Il settimo contingente di salvaguardia, così denominato sottolinea Paola Cesarini, direttore del patronato INAS CISL, cioè quelli che raggiungono il requisito pensionistico entro il 2017 potranno presentare domanda entro il 1 marzo 2016 e dovranno rientrare fra quei soggetti che posseggono questi requisiti:
lavoratori collocati in mobilità o in trattamento speciale edile; autorizzati ai VV con o senza un contributo volontario autorizzato; lavoratori il cui rapporto di lavoro si è risolto entro il 30 giugno2012;lavoratori che nell’anno 2011 erano in congedo ed art.42, c.5, Dlgs 151 (congedo biennale retribuito) esclusivamente per assistere figli con disabilità grave; lavoratori con contratto di lavoro a tempo determinato e lavoratori in somministrazione con contratto a tempo determinato, cessati dal lavoro tra il 1 gennaio 2007 ed il 31 dicembre 2011 ossia i cosiddetti interinale.
Per salvaguardati, prosegue la Cesarini, si devono intendere tutti coloro che all’uscita della Legge Forneo si sono trovati senza lavoro o che non avevano ancora maturato anzianità lavorativa per essere collocati a riposo.
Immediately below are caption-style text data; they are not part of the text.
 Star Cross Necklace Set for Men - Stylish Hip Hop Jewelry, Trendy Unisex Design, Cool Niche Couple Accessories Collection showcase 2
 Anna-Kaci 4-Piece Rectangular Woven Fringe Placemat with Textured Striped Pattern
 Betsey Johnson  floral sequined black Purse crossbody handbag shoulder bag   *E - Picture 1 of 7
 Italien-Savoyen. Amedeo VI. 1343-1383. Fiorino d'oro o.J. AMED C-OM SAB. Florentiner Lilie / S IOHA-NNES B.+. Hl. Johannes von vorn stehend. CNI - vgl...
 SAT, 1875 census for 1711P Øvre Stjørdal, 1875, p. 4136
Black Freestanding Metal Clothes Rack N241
Beneficio che si traduce nella possibilità di accedere alla pensione prima della disciplina attualmente vigente che, com'è noto, chiede 42 anni e 10 mesi di contributi (41 anni e 10 mesi le donne) indipendentemente dall'età anagrafica (pensione anticipata) oppure 66 anni e 7 mesi (pensione di vecchiaia).
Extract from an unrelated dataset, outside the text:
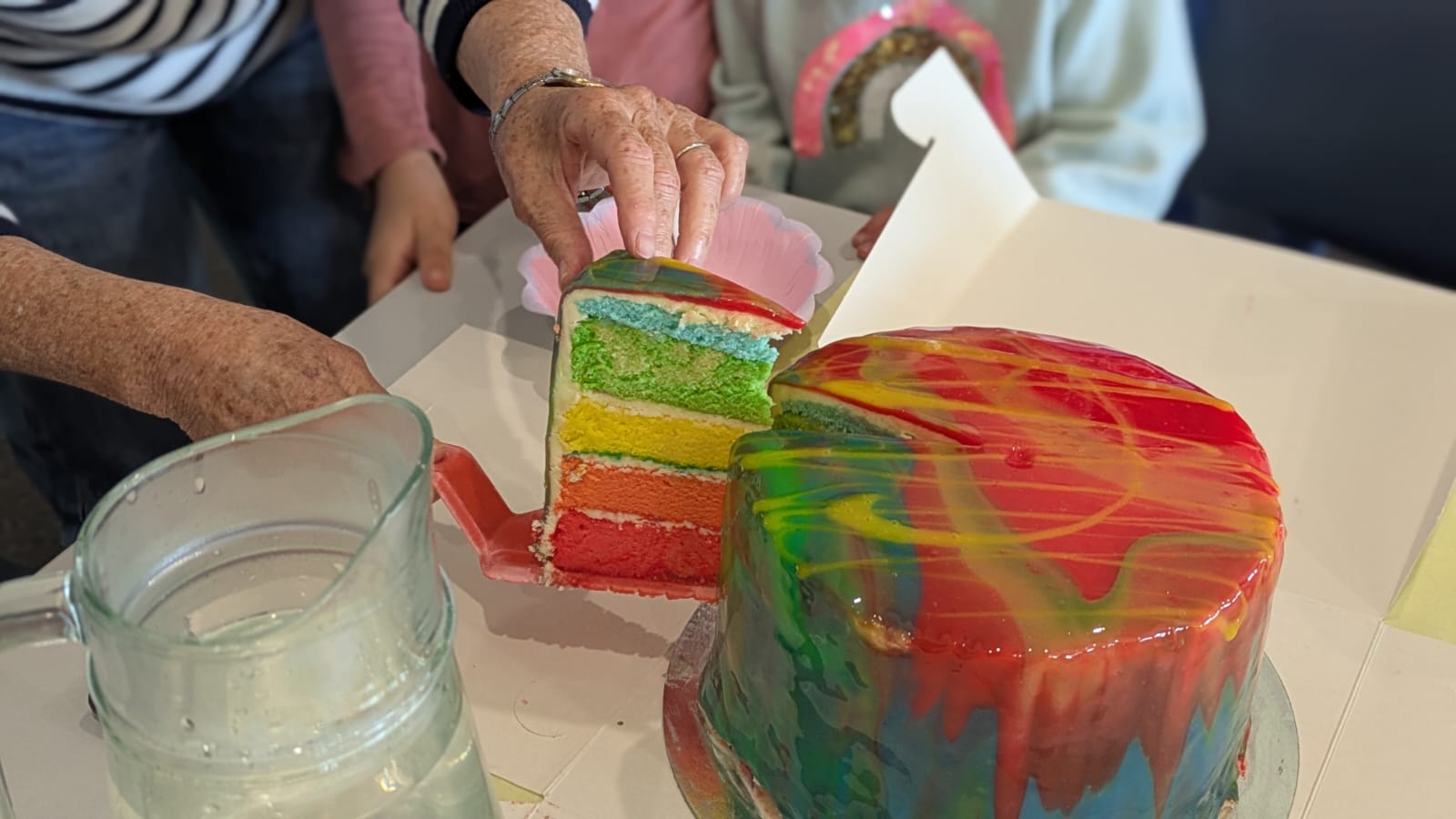 Rainbow mirror cake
Sempre nella legge di Stabilità è stata ampliata la platea delle opzioni donna. Ovvero, le donne possono accedere nel corso di questo 2016 alla pensione anticipata.
Ora, questa nuova opportunità che si apre e che permette di accedere alla pensione anche nella nostra provincia, aggiunge la Cesarini, riguarda un numero consistente di lavoratori, che invitiamo prima possibile ad un corretto inoltro della domanda per non perdere questa occasione.
Infine, conclude il direttore INAS, un invito per coloro che sono già in pensione a verificare gli importi percepiti perché in più casi analizzati questi sono inferiori al dovuto. In questi caso, conclude Paola Cesarini, è possibile tramite il nostro patronato INAS richiedere il giusto importo dovuto.